Stored entries:
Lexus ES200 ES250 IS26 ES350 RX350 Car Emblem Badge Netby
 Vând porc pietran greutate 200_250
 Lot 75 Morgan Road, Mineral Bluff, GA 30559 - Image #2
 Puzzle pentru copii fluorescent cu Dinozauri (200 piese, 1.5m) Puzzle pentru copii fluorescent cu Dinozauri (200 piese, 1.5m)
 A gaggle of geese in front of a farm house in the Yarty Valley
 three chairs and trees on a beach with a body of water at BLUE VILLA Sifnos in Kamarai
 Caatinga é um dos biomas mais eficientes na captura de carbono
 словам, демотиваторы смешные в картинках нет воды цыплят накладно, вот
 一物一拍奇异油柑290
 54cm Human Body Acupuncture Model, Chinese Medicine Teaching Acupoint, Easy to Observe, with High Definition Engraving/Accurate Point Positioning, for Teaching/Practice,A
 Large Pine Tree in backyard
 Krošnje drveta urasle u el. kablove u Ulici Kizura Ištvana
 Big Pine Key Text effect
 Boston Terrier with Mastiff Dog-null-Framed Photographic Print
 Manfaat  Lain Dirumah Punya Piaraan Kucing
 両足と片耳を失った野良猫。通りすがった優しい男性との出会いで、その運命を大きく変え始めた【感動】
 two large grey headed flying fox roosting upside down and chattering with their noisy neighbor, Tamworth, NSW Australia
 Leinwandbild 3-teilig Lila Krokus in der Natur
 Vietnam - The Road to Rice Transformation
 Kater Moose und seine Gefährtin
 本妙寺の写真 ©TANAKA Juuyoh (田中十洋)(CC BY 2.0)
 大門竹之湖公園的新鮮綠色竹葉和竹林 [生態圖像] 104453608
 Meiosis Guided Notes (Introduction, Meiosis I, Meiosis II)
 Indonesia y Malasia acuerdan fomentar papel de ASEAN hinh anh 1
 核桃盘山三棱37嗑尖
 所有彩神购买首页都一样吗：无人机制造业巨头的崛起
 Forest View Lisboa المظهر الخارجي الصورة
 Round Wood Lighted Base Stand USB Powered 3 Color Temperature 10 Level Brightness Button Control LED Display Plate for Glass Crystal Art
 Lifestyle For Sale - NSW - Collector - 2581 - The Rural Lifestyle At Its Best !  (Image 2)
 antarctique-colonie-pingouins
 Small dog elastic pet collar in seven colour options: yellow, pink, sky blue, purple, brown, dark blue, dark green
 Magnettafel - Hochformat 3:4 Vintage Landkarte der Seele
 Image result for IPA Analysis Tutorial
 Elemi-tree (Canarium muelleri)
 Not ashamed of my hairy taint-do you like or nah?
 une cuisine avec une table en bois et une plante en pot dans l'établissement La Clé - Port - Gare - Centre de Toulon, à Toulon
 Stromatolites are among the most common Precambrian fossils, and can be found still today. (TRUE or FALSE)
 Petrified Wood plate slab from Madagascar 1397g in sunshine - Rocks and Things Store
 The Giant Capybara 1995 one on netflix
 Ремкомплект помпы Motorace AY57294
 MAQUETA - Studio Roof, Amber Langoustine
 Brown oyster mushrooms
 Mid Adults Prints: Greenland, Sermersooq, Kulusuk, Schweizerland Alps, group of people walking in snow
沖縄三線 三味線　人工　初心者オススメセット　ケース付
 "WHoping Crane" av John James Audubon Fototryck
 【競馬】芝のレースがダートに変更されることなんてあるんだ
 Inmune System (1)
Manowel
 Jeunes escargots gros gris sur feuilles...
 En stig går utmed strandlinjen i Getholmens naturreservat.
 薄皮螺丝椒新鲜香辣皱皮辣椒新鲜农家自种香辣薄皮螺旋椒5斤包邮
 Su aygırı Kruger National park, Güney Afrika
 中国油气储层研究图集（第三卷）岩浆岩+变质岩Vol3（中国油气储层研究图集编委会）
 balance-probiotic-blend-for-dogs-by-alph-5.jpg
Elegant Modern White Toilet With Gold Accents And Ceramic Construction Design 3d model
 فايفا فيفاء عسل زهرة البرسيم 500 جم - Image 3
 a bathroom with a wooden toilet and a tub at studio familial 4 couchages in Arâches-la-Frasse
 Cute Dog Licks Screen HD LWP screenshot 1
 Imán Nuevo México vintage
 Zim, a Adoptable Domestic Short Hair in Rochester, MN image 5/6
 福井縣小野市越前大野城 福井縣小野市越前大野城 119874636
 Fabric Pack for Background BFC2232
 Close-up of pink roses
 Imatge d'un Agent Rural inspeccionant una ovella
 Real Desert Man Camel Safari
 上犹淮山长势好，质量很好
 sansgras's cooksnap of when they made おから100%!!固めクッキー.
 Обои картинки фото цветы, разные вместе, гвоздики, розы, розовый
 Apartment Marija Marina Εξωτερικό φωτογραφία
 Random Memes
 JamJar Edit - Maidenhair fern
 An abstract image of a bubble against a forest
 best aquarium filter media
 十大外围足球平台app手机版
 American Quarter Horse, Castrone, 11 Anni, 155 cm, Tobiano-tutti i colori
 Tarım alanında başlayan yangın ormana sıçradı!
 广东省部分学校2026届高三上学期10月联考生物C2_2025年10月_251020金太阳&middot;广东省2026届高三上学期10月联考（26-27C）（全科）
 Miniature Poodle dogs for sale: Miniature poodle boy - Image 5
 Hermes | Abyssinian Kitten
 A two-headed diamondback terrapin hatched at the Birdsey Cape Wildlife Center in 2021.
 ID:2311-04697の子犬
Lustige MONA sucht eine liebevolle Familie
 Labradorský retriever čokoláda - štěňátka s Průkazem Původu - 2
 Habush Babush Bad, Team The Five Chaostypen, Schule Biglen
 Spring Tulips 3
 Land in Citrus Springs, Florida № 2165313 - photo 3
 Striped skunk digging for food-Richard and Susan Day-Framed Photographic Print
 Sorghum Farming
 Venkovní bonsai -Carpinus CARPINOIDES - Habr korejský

ASSIGNED TASK - Check each line above for the string "Photographic" and return those that contain it.

RESPONSE -
 Boston Terrier with Mastiff Dog-null-Framed Photographic Print
 Striped skunk digging for food-Richard and Susan Day-Framed Photographic Print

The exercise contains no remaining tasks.